The Big Takeaway Of This Unit
Objects are instances of classes and we can write methods to manipulate these objects.
- Roughly 2 to 3 multiple-choice questions
Java is what is known as an object-orientated programming language, or OOP for short. What is this object-orientated programming, and why is it so important to Java? This is the first of three units emphasizing object-orientated programming (the others are Units 5 and 9, covering classes and inheritance respectively). This unit, we will be learning about objects, the cornerstone of object-orientated programming, and what they are. There are four principles of object-orientated programming: abstraction (partly covered in this unit, also in Unit 5), encapsulation (covered in Unit 5), inheritance, and polymorphism (both covered in Unit 9).
Building Computational Thinking
In this unit, you'll learn how to write your first methods (functions in other programming languages), which perform a specific class. You'll also learn how to use methods from the Math and String classes, which will allow us to work more with numbers and text. These will make the foundations of all future units. Finally, you'll learn about objects, which are reference types: combinations of other data types that allow us to represent actual items and situations.
Main Ideas for This Unit
- Making/Initializing Objects
2.1: Objects: Instances of Classes
Java is an object-orientated programming language, which means that most major programs in Java are about the manipulation of objects. What are objects? Objects are a reference type, which refers to how they are combinations of other primitive and reference data types. When you refer to them, you are not referring to the actual object itself, but where it is stored in data.
How do we know what combination of primitive and reference types each object has? This is due to the help of a class. A class is like a template that defines what an object is like and what the object can do. A class is basically the guidelines for a type of object, and an object is a particular instance of that class. We can think of a class as a blueprint for a house, and the object is a particular house.
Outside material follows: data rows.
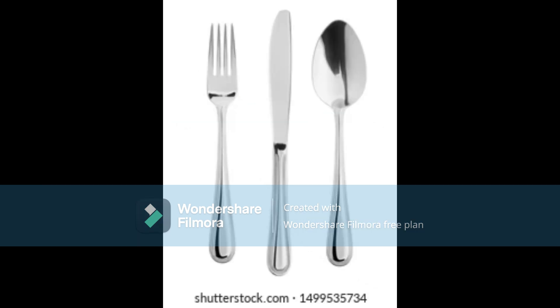Innovative cutlery can make mealtime easier and more enjoyable. Consider adding one of these helpful utensils to your collection and transform the way you eat. Whether you're at home or on the go, these tools will make a difference in your dining experience.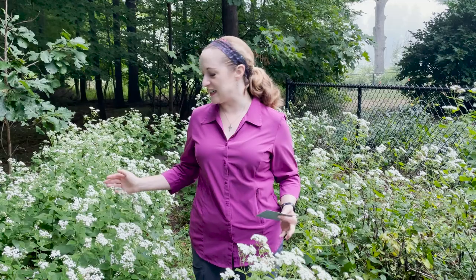Happy Monday everyone! This is Martha with Nature Niche, and this week I want to share with you one of my favorite fall blooming perennials that's hitting its peak right now: white snake root.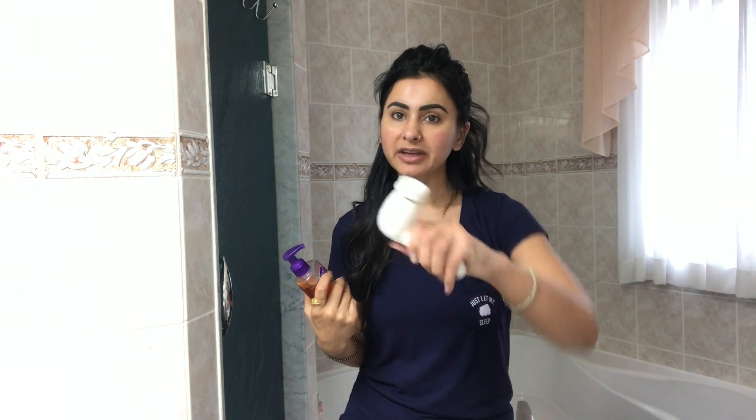Step number one is to wash your face properly. Exfoliate your skin — if you don't wear makeup, exfoliate twice a week or once a week. But if you do wear makeup, every time you take off your makeup it is very necessary to exfoliate, because exfoliating will clean your pores and you will not have acne.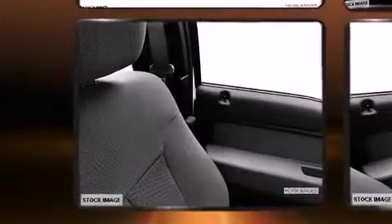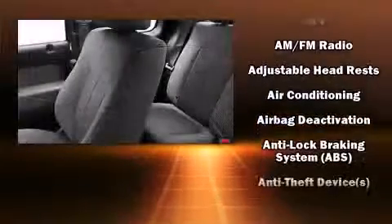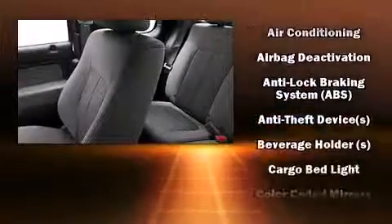Top features include air conditioning, a tachometer, variably intermittent wipers, a rear-step bumper, and a split folding rear seat. Audio features include an AM-FM radio and four well-positioned speakers.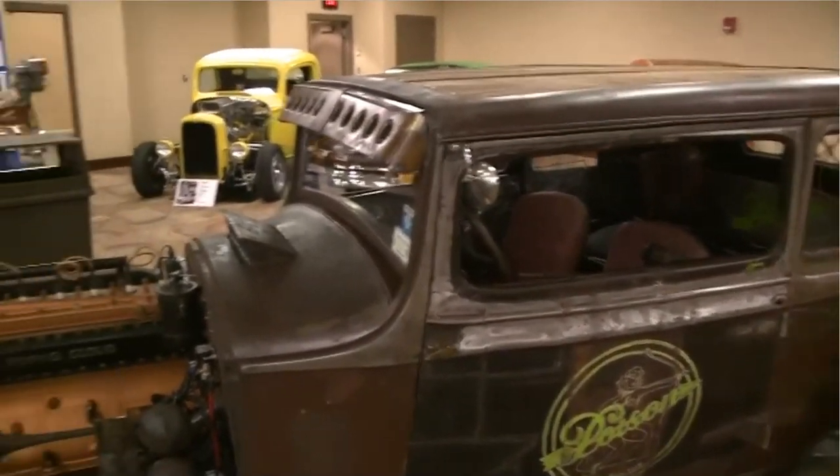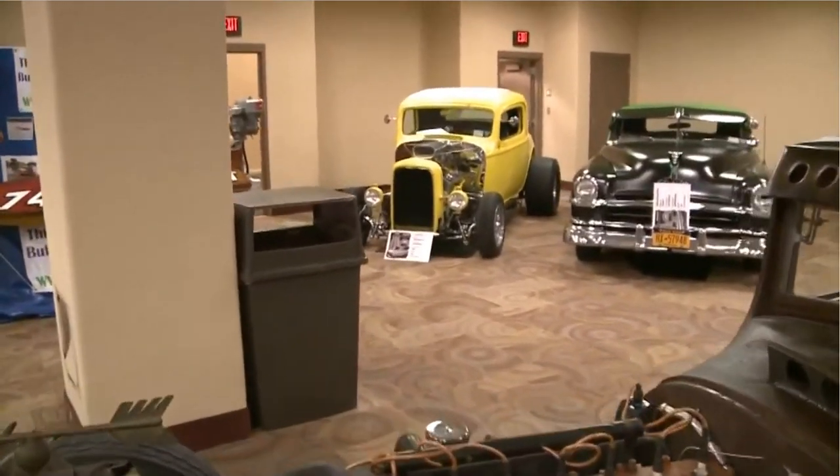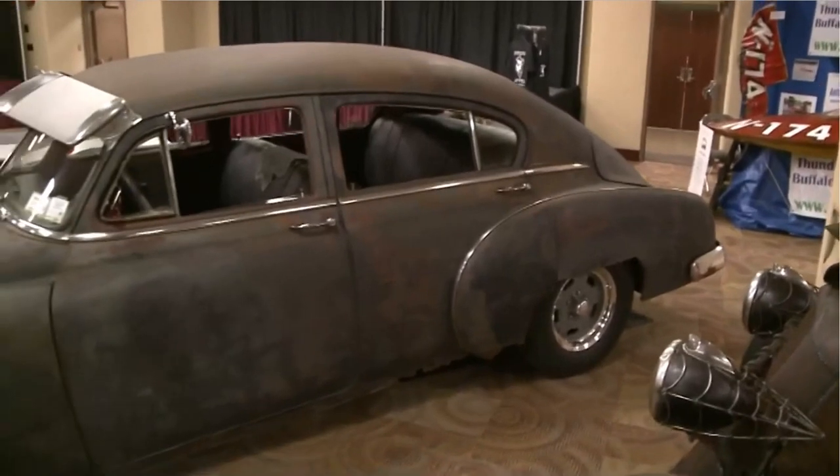Is this one of those things where you bring the family, or is it really just for motor enthusiasts? Everybody — bring the whole family. There's movie cars: Ghostbusters Ecto-1, the Scooby-Doo Mystery Machine. We've got vendors here for the women, the girlfriend.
Different houses are different objects. The different houses may look different, but they have the same general features and functions. This is how classes and objects work.
However, an object is not a type of that class. For example, if the class is Fruit, Strawberry is not an object of Fruit, but it is only a subclass (we'll learn about this more in Unit 9). Objects of the Fruit class are specific items, so a specific strawberry or any other specific fruit are objects of the class. Meanwhile, Strawberry on its own is too broad since there are many individual strawberry objects that exist.